> [What the exercise asks]: The data below holds a line containing "2018 Mercedes-Benz CLA Class" and a line containing "HOA Karen Cut"; please quote exactly those two lines and every line between them, and nothing else.

> [Dataset entries]:
#####

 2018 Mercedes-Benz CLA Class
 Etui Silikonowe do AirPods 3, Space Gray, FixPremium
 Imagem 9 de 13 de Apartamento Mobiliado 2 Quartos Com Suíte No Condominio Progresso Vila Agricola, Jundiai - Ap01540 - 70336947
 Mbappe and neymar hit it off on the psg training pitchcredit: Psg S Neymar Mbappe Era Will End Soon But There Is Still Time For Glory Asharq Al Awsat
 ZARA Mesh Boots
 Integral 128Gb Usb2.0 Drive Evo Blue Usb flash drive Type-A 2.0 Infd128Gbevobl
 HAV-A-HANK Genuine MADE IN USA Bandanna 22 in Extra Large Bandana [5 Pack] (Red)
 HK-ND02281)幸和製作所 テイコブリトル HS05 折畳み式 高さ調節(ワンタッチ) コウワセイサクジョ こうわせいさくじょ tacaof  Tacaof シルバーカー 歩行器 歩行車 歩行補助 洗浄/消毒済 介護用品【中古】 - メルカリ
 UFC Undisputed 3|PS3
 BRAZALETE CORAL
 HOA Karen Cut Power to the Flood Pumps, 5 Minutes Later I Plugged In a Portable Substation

#####

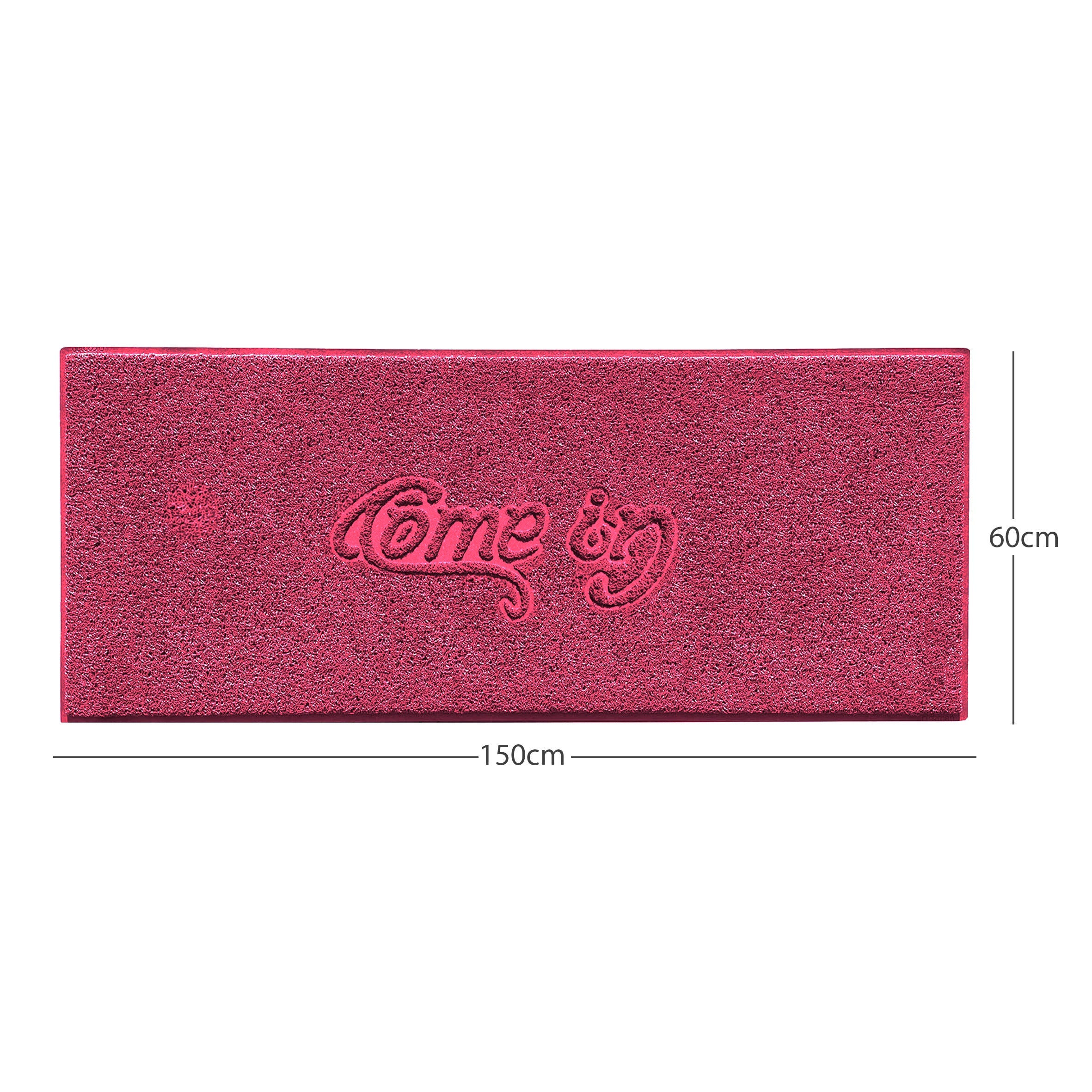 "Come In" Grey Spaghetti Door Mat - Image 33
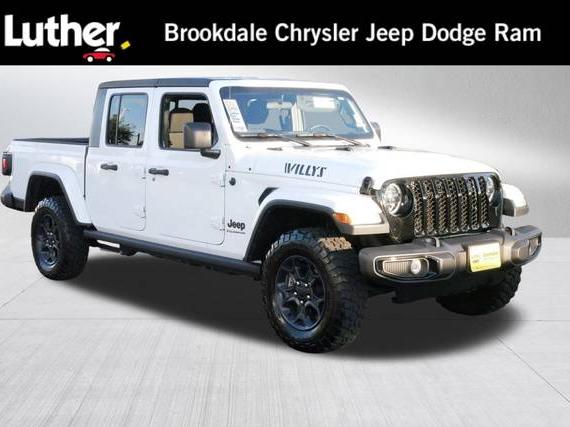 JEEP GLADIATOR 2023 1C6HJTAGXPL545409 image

#####

> [Answer area]:
 2018 Mercedes-Benz CLA Class
 Etui Silikonowe do AirPods 3, Space Gray, FixPremium
 Imagem 9 de 13 de Apartamento Mobiliado 2 Quartos Com Suíte No Condominio Progresso Vila Agricola, Jundiai - Ap01540 - 70336947
 Mbappe and neymar hit it off on the psg training pitchcredit: Psg S Neymar Mbappe Era Will End Soon But There Is Still Time For Glory Asharq Al Awsat
 ZARA Mesh Boots
 Integral 128Gb Usb2.0 Drive Evo Blue Usb flash drive Type-A 2.0 Infd128Gbevobl
 HAV-A-HANK Genuine MADE IN USA Bandanna 22 in Extra Large Bandana [5 Pack] (Red)
 HK-ND02281)幸和製作所 テイコブリトル HS05 折畳み式 高さ調節(ワンタッチ) コウワセイサクジョ こうわせいさくじょ tacaof  Tacaof シルバーカー 歩行器 歩行車 歩行補助 洗浄/消毒済 介護用品【中古】 - メルカリ
 UFC Undisputed 3|PS3
 BRAZALETE CORAL
 HOA Karen Cut Power to the Flood Pumps, 5 Minutes Later I Plugged In a Portable Substation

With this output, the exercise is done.